Grid cell attractor networks: development and implications

At the foundation of our ability to plan trajectories in complex terrain is a basic need to establish one’s positional bearings in the environment, i.e., to self-localize. How does the brain perform self-localization? How does a net- work of neurons conspire to solve this task? How does it self organize? Given that there might be multiple solutions to this problem, with what certainty can we say that any such model faithfully captures the neural structure and dynamics as it exists in the brain? This thesis presents a collection of three theoretical works aimed at addressing these problems, with a particular focus on biological plausibility and amenability to testing experimentally.

I first introduce the context within which the work in the thesis is situ- ated. Chapter 1 provides a framework for understanding algorithmically how the brain might solve the problem of self-localization and how a neural circuit could be organized to perform self-localization based on the integration of self-motion cues, an operation known as path integration. We also introduce the neurobiology that underlies self-localization, with special emphasis on the cell types found in and around the hippocampus. We discuss the case that a particular class of cells – grid cells – subserve path integration, because of their peculiar spatial response properties and their anatomical positioning as the recipients of self-motion information. Continuous attractor models are introduced as the favored description of the grid cell circuit. Key open questions are introduced as motivation for the subsequently described work.

I next focus on the question of how the grid cell circuit may have organized. In Chapter 2, it is demonstrated that an unstructured immature neural network, when subjected to biologically plausible inputs and learning rules, can learn to produce grid-like spatial responses and perform path integration. This model makes a number of predictions for experiment which are described at length.

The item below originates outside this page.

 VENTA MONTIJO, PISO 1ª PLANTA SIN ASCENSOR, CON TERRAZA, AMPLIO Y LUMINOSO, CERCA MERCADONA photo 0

In Chapter 3, I describe a theoretically motivated experimental probe of the organization and dynamics of the grid cell circuit. The proposed experiment relies on sparse neural recordings of grid cells together with global perturbations of the circuit (and is thus experimentally feasible). It promises to yield special insight into the hidden structure of the grid cell circuit.

Finally, in Chapter 4, I provide an analytical treatment of pattern formation dynamics in the grid cell circuit. This work focuses on nonlinear effects.